» **What is being asked**
When you copy from the entries that follow, take only the lines from the one with "Janik Janik - Unisex Hoodie - Schwarz" down to the one with "UNDER ARMOUR Men's", keeping both ends and dropping every picture.

··· Entries shown

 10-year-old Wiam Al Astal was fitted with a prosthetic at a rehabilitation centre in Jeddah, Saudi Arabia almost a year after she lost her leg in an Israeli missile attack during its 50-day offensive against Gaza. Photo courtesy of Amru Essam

······
··· Entries shown

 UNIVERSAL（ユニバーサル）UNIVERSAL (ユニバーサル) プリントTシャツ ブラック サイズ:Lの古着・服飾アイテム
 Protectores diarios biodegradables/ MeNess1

······
··· Entries shown

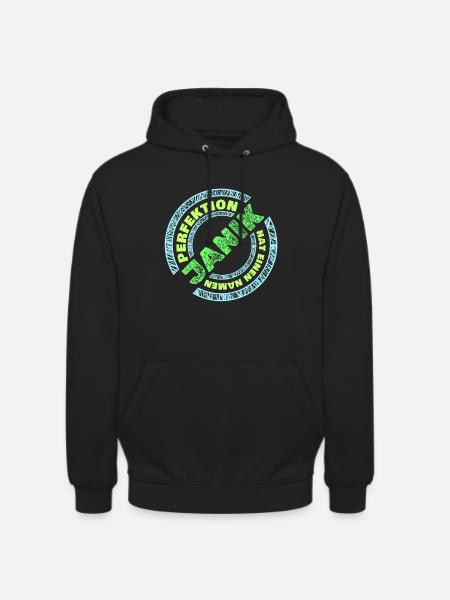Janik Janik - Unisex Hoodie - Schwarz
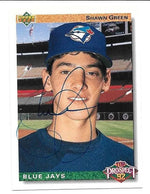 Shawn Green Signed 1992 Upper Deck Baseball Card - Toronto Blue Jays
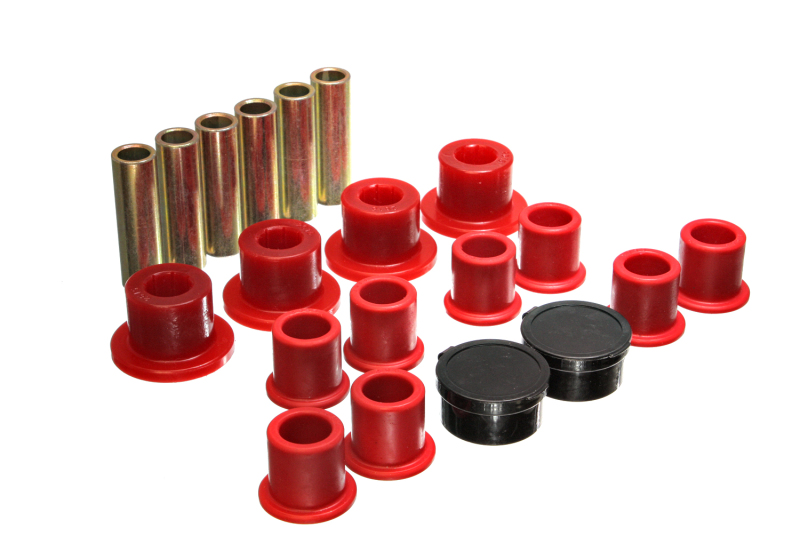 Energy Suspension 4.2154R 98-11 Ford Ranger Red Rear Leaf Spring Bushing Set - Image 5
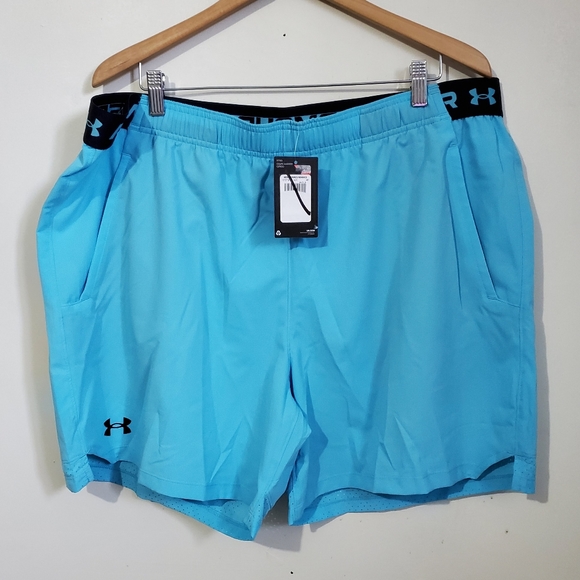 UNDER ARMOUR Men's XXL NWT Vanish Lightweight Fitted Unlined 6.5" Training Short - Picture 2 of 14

······

» **Task output**
Janik Janik - Unisex Hoodie - Schwarz
 Shawn Green Signed 1992 Upper Deck Baseball Card - Toronto Blue Jays
 Energy Suspension 4.2154R 98-11 Ford Ranger Red Rear Leaf Spring Bushing Set - Image 5
 UNDER ARMOUR Men's XXL NWT Vanish Lightweight Fitted Unlined 6.5" Training Short - Picture 2 of 14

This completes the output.